It’s no secret that from the day after the 2016 election, Democrats had their sights set on impeaching President Trump, even objecting on January 6, 2017 to the electoral votes starting with the State of Alabama, which President Trump won by 28 points, alleging “Russia Collusion.” When the Russian collusion conspiracy was proven to be make believe, they moved on to impeaching him over allegations made by an “anonymous whistleblower” who we later found out worked with Joe Biden when he was vice president. We may never know all the facts about those allegations because House Democrats denied President Trump his Sixth Amendment right to cross examine the witness against him.
Just like the Russian collusion narrative, it was all political theater, engineered before an election, and designed to railroad President Trump and energize the Democratic Party’s base of support at a time when the economy was thriving and our country was at peace. In the Senate there was little appetite for the show trial and the articles of impeachment were rightly dismissed. Trump Impeachment 2.0 is unconstitutional and should also be dismissed by the U.S. Senate.

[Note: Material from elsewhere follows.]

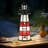 Tiffany-Style Lighthouse Accent Lamp - Red And White Stained Glass Table Light With 15W Bulb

Now that President Trump’s term has ended and he is a private citizen, the impeachment articles are irrelevant, and the case is moot. The U.S. Constitution limits impeachment jurisdiction to the current president, vice president and sitting federal civil office holders. Additionally, the Constitution prescribes a punishment that shall not go beyond removal from office with the possibility of being disqualified from holding office in the future. Since President Trump no longer holds office, the penalty if convicted is meaningless. It’s politics at its worst and will only serve to further divide our nation.